Однако совет решил изготовить первую партию мебели по чертежам Гречаника, но обязательно с художественной фанеровкой; на этом Илья Тимофеевич настаивал энергичнее всех.
— Коли уж новое, так до последу новое, — говорил он.
После того как Таня окончательно поняла, в чем причины ее неудач, первым ее желанием было сразу пойти к Гречанику или даже к Токареву и просить их немедленно вмешаться. Но она представила себе, как будет жаловаться на Костылева, а Токарев, конечно, уж опять обязательно подумает, что она ищет способа избавиться от лишних трудностей, Гречаник же, думала она, тот давно уверен в том, что новый мастер не справляется по неопытности… И Таня не пошла ни к директору, ни к главному инженеру. Однако посоветоваться с кем-нибудь обязательно было нужно, и она решила поговорить с Ярцевым.
Из всех, кого Таня уже знала на фабрике, он казался ей наиболее простым и доступным человеком. Может быть, потому, что видела его в непринужденной домашней обстановке, когда он затащил ее к себе слушать музыку, А может быть… может быть, повлияло и то, что услышала его такой теплый, взволнованный рассказ о ней самой. Все это располагало, и Таня пошла к Ярцеву.
Теперь она работала во вторую смену, с пяти вечера, поэтому к Ярцеву пришла пораньше, за час до вечернего гудка. В кабинете она увидела Алексея. Он стоял у стола вполоборота к двери, очевидно, уже собираясь уходить.
— А-а, Татьяна Григорьевна, — сказал Ярцев, когда Таня отворила дверь, — заходите, заходите!
Алексей, закончив разговор и сказав свое обычное «Ясен вопрос!», пошел Тане навстречу. Взгляды их встретились. В глазах Алексея было что-то необычное: радостное и теплое.
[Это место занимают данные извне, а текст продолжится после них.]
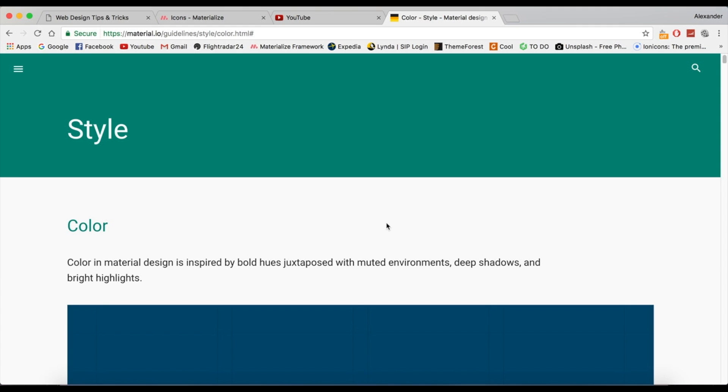Hey guys, it's Alex. Welcome back to a brand new video. I know I've been gone for a while, but I hope I can redeem myself by showing you a really cool way to create material design websites literally in seconds.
Таня уступила ему дорогу, а он остановился возле нее, как будто хотел что-то сказать, но не сказал — только улыбнулся и вышел.
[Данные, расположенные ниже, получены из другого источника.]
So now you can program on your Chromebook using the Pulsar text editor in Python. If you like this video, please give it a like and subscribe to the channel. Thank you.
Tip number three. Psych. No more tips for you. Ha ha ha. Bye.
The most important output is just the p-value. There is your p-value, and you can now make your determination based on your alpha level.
Ярцев усадил Таню и, довольно потирая руки, сказал:
— Итак, разрешите обрадовать вас, Татьяна Григорьевна. Вы, конечно, догадываетесь, чем именно.
— Я ничего не знаю, — удивленно и растерянно ответила Таня.
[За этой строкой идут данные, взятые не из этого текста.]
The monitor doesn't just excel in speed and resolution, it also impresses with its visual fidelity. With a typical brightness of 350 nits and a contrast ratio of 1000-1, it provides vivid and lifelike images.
— Это обычная вещь — вы не знаете, а вся фабрика говорит!
— Но о чем?
— О чем? — Пристально посмотрев Тане в лицо, Ярцев сказал: — Сегодня днем Соловьев снова испытал свой автомат… Может быть, теперь догадываетесь? Нет? Ну так вот: автомат работает великолепно! Слышите? Сам, собственными глазами видел. Так что поздравляю вас.
— Но при чем же тут я? — спросила Таня, краснея.
— А кто помог Соловьеву? Кто подсказал?